Selon les informations des six organisations, au moins 86 personnes ont été exécutées depuis le début de l’année 2011. Au moins huit personnes exécutées en janvier étaient des prisonniers politiques, coupables de « moharebeh » (rébellion contre Dieu) pour avoir participé à des manifestations ou en raison de leurs liens supposés avec des groupes de l’opposition.

« Les autorités iraniennes ne se contentent plus de réprimer ceux qui ont protesté contre la réélection de M. Mahmoud Ahmadinejad en les arrêtant et en les condamnant ; elles recourent désormais aux exécutions », a déclaré Shirin Ebadi.

Ces autorités ont pris l’habitude de procéder à des exécutions simultanées de détenus politiques et d’un nombre considérable de personnes reconnues coupables d’infractions pénales. « Ces exécutions risquent de se multiplier si tout le monde reste silencieux », a ajouté le prix Nobel.

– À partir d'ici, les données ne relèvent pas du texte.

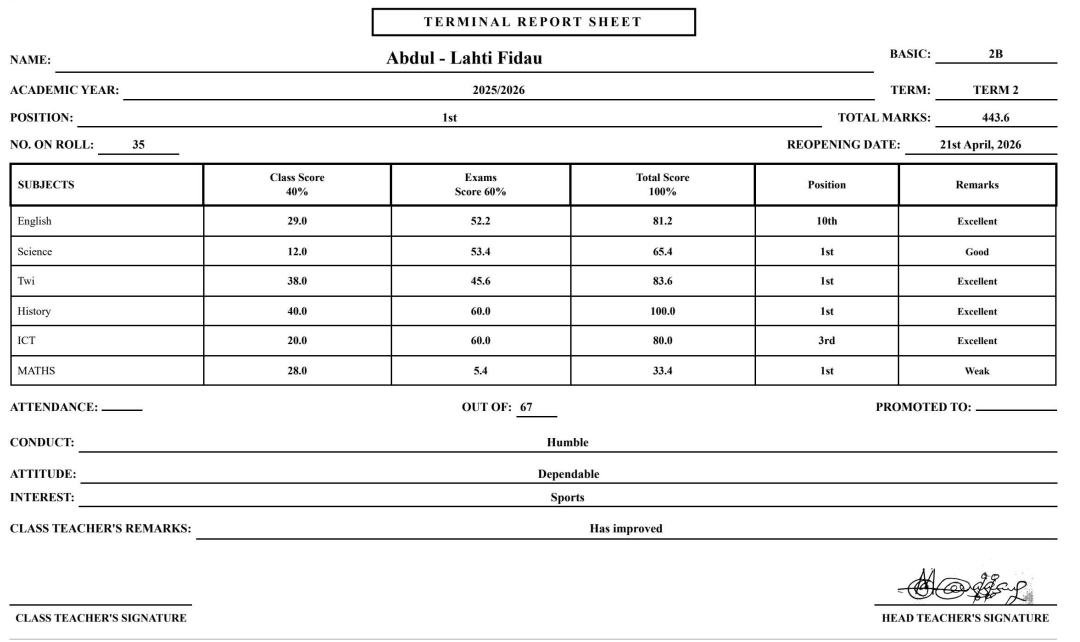 What Should Be Included in a School Report Card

Cette multiplication résulte de l’entrée en vigueur, fin décembre 2010, de la loi relative à la lutte contre les stupéfiants élaborée par le Conseil de discernement et approuvée par le guide suprême,l’ayatollah Ali Khamenei. Les autorités se sont également fixé pour objectif de mettre en place des mesures répressives contre le trafic de drogue. Parmi les personnes exécutées en janvier, 67 avaient été condamnées pour trafic de drogue.Selon les organisations de défense des droits de l’Homme, ce nombre serait plus élevé : des sources fiables indiquent que certaines exécutions ont eu lieu dans des prisons sans avoir fait l’objet d’une annonce publique.

Mme Zahra Bahrami, de nationalité néerlandaise et iranienne, a également été exécutée en janvier. Le ministère public l’avait mise en examen pour détention et trafic de drogue après son arrestation pour avoir participé à une manifestation post-électorale. Mme Zahra Bahrami s’est vu privée de son droit de faire appel de sa condamnation à mort confirmée par le Procureur général. En dépit de l’intervention des autorités néerlandaises et des demandes de l’Union européenne, le pouvoir iranien a fait procéder sans notification préalable à l’exécution de Mme Zahra Bahrami. Celle-ci n’a pas été autorisée à rencontrer son avocat ; l’exigence légale d’être informée de son exécution 48 heures à l’avance n’a pas non plus été respectée.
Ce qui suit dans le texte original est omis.